Lines from the one containing "Women Floral Printed" to the end of the data below are to be restated exactly, with both ends included and nothing else.

[Items from a dataset]
___
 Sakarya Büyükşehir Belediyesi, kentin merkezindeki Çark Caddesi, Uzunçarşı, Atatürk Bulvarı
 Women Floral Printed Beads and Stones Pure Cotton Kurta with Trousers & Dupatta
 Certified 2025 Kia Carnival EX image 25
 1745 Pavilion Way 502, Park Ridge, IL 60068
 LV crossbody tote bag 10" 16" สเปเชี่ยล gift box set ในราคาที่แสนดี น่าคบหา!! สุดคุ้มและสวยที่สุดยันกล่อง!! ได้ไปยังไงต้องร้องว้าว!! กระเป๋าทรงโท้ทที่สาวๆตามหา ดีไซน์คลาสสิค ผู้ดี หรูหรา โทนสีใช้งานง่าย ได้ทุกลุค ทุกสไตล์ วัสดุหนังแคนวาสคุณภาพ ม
___
▸ Response to this exercise
 Women Floral Printed Beads and Stones Pure Cotton Kurta with Trousers & Dupatta
 Certified 2025 Kia Carnival EX image 25
 1745 Pavilion Way 502, Park Ridge, IL 60068
 LV crossbody tote bag 10" 16" สเปเชี่ยล gift box set ในราคาที่แสนดี น่าคบหา!! สุดคุ้มและสวยที่สุดยันกล่อง!! ได้ไปยังไงต้องร้องว้าว!! กระเป๋าทรงโท้ทที่สาวๆตามหา ดีไซน์คลาสสิค ผู้ดี หรูหรา โทนสีใช้งานง่าย ได้ทุกลุค ทุกสไตล์ วัสดุหนังแคนวาสคุณภาพ ม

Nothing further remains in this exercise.